Inflation Remains High, BI Cuts Interest Rate
---------------------------------------------
2. On July 3, the Central Bureau of Statistics (BPS)
announced a slight decrease in YoY inflation in June 2006 to
15.5 percent. Month-on-month (MoM) inflation rose slightly
to 0.5 percent from 0.4 percent in May, mainly due to a rise
in food prices. Core inflation also increased slightly to
9.6 percent YoY from 9.5 percent in May. Citing improving
macroeconomic trends, including declining inflation rates,
BI cut short-term interest rates by 25 basis points (bps) to
12.25 percent on June 6, a move widely expected by analysts.

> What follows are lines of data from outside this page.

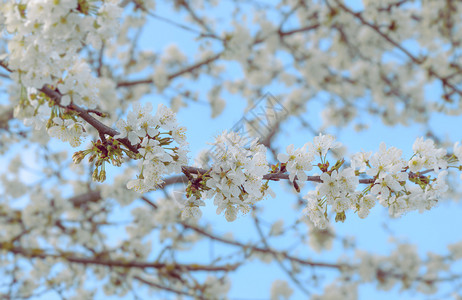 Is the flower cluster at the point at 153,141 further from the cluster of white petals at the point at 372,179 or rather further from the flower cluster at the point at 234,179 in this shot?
the cluster of white petals at the point at 372,179

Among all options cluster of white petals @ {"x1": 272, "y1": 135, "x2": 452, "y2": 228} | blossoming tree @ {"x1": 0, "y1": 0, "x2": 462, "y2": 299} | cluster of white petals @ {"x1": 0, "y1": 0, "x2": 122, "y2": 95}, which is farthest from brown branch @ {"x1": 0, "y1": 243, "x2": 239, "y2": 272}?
cluster of white petals @ {"x1": 0, "y1": 0, "x2": 122, "y2": 95}

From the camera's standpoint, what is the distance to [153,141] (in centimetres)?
135

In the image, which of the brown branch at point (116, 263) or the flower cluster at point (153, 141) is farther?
the brown branch at point (116, 263)

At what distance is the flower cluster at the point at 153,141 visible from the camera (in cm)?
135

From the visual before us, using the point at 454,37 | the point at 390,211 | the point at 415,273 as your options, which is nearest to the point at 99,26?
the point at 390,211

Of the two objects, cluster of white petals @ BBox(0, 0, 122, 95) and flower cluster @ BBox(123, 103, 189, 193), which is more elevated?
cluster of white petals @ BBox(0, 0, 122, 95)

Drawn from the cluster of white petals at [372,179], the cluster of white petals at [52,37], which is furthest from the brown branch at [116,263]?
the cluster of white petals at [52,37]

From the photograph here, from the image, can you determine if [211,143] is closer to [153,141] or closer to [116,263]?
[153,141]

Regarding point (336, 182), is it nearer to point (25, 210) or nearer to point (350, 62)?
point (25, 210)

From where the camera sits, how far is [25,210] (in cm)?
514

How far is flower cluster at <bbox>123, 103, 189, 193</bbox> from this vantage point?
4.44 feet

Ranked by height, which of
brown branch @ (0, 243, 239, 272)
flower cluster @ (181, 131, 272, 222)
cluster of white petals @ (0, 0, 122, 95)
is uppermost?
brown branch @ (0, 243, 239, 272)

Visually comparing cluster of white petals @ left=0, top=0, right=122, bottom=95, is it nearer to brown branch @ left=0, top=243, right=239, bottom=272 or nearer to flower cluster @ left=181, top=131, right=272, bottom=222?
flower cluster @ left=181, top=131, right=272, bottom=222

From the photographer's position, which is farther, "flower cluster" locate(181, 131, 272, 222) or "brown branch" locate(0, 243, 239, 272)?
"brown branch" locate(0, 243, 239, 272) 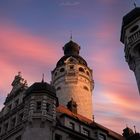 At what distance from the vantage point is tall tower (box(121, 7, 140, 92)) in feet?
177

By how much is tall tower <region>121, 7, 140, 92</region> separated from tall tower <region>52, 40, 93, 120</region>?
2291 cm

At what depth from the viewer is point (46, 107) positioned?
50.8 metres

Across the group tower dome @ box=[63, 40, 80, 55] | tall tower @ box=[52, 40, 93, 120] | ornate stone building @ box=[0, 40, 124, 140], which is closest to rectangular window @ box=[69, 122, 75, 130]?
ornate stone building @ box=[0, 40, 124, 140]

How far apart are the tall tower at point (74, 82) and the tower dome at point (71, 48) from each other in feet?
5.22

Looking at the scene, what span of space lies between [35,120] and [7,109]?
1064 centimetres

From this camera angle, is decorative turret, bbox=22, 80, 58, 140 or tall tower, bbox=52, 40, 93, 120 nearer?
decorative turret, bbox=22, 80, 58, 140

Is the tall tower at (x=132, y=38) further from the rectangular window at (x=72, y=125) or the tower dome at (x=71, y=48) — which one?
the tower dome at (x=71, y=48)

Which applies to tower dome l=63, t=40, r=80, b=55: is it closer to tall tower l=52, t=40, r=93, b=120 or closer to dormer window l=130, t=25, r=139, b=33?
tall tower l=52, t=40, r=93, b=120

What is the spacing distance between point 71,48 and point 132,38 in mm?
38059

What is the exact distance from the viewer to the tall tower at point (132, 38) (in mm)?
53984

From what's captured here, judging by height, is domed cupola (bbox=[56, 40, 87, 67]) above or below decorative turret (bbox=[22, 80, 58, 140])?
above

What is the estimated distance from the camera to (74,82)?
80.8m

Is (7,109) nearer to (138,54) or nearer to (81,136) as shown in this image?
(81,136)

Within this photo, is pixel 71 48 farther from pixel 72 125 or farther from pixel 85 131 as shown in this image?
pixel 72 125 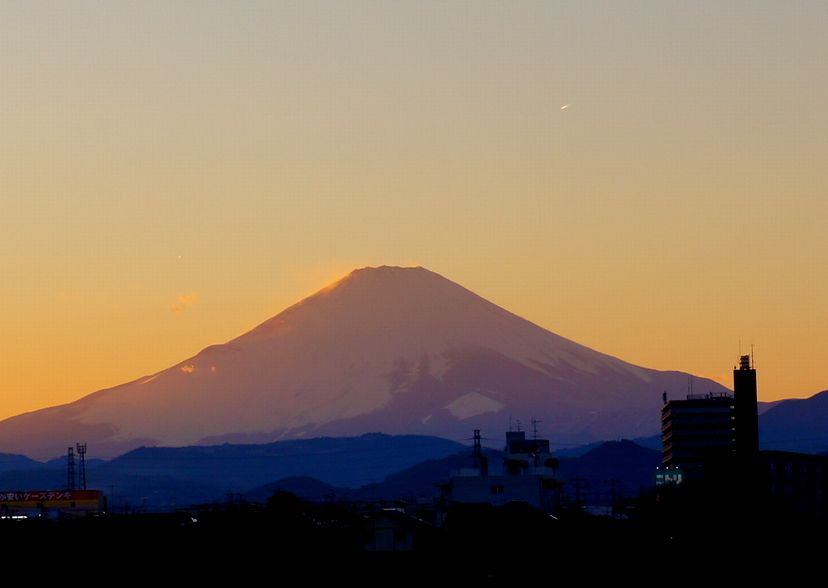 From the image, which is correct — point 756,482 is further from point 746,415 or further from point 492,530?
point 492,530

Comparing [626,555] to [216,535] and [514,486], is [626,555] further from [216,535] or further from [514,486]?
[514,486]

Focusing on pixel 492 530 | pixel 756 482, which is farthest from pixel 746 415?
pixel 492 530

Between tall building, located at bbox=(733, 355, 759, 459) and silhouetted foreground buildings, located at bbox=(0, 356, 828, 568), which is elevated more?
tall building, located at bbox=(733, 355, 759, 459)

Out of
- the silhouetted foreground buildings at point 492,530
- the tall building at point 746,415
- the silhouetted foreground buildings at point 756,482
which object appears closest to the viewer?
the silhouetted foreground buildings at point 492,530

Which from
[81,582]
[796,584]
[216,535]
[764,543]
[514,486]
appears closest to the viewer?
[796,584]

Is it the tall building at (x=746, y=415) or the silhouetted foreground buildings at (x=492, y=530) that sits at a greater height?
the tall building at (x=746, y=415)

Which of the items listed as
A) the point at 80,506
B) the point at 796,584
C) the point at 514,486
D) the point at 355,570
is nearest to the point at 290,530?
the point at 355,570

BI Governor Burhanuddin Abdullah said there remains room for
further interest rate cuts. "We will cut more aggressively
in future when there is less pressure from inflation."
Abdullah said he hopes BI can lower benchmark interest rate
to 11 or 10 percent by the end of the year, if inflation
falls into the single digits.
---------------------------------------------
Table 1: Inflation Components - June 2006
---------------------------------------------
Component MoM YoY
---------------------------------------------
Foodstuffs 1.1 17.0
Prepared food, beverages,
tobacco 0.3 11.7
Housing, water, electric, fuel 0.3 12.8
Clothing -0.1 9.8
Health 0.3 7.3
Education, recreation/sports 0.2 8.0
Transportation, communication
and financial services 0.1 30.8
---------------------------------------------
Total 0.5 15.5
---------------------------------------------
Source: Central Bureau of Statistics (BPS)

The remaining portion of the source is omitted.